• **Listed entries**:
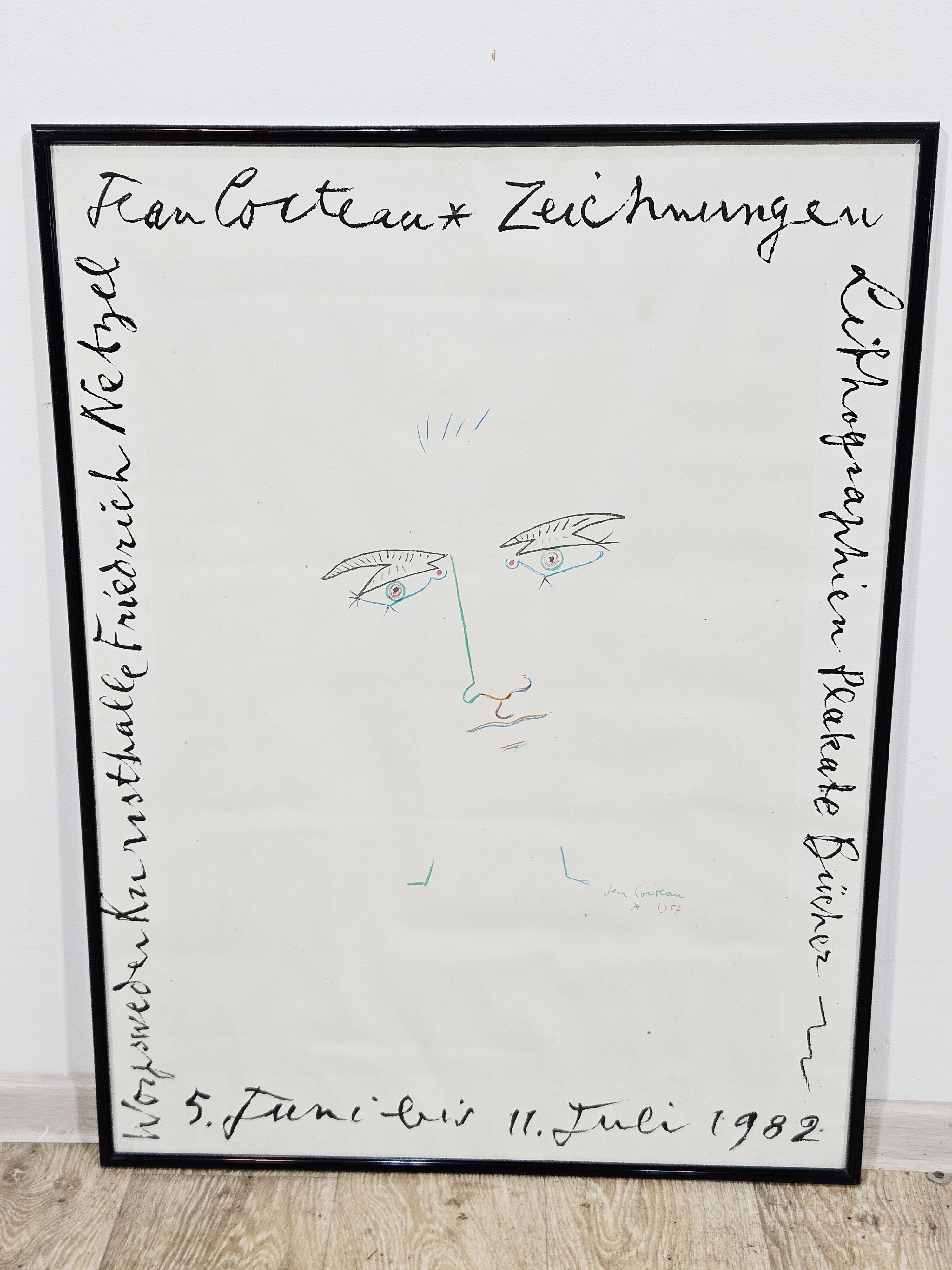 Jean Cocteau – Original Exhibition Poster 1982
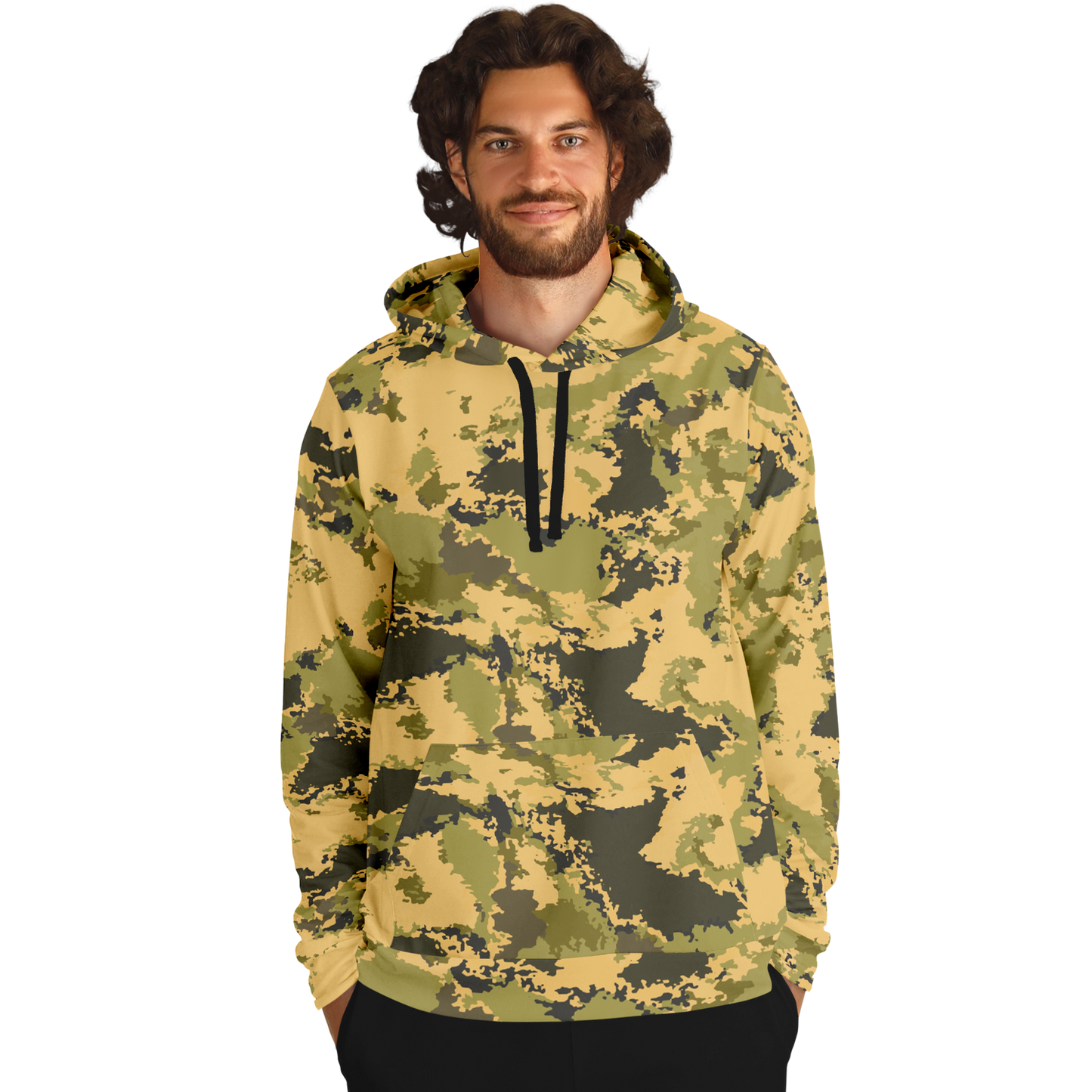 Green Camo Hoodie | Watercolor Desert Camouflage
---
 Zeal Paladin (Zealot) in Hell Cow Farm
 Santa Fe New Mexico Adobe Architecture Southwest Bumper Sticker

• **About this task**: Taking the line with "Zeal Paladin (Zealot) in Hell Cow Farm" as the first and the line with "Santa Fe New" as the last, retype that stretch of the data above exactly, with no other lines.

• **Written answer**:
 Zeal Paladin (Zealot) in Hell Cow Farm
 Santa Fe New Mexico Adobe Architecture Southwest Bumper Sticker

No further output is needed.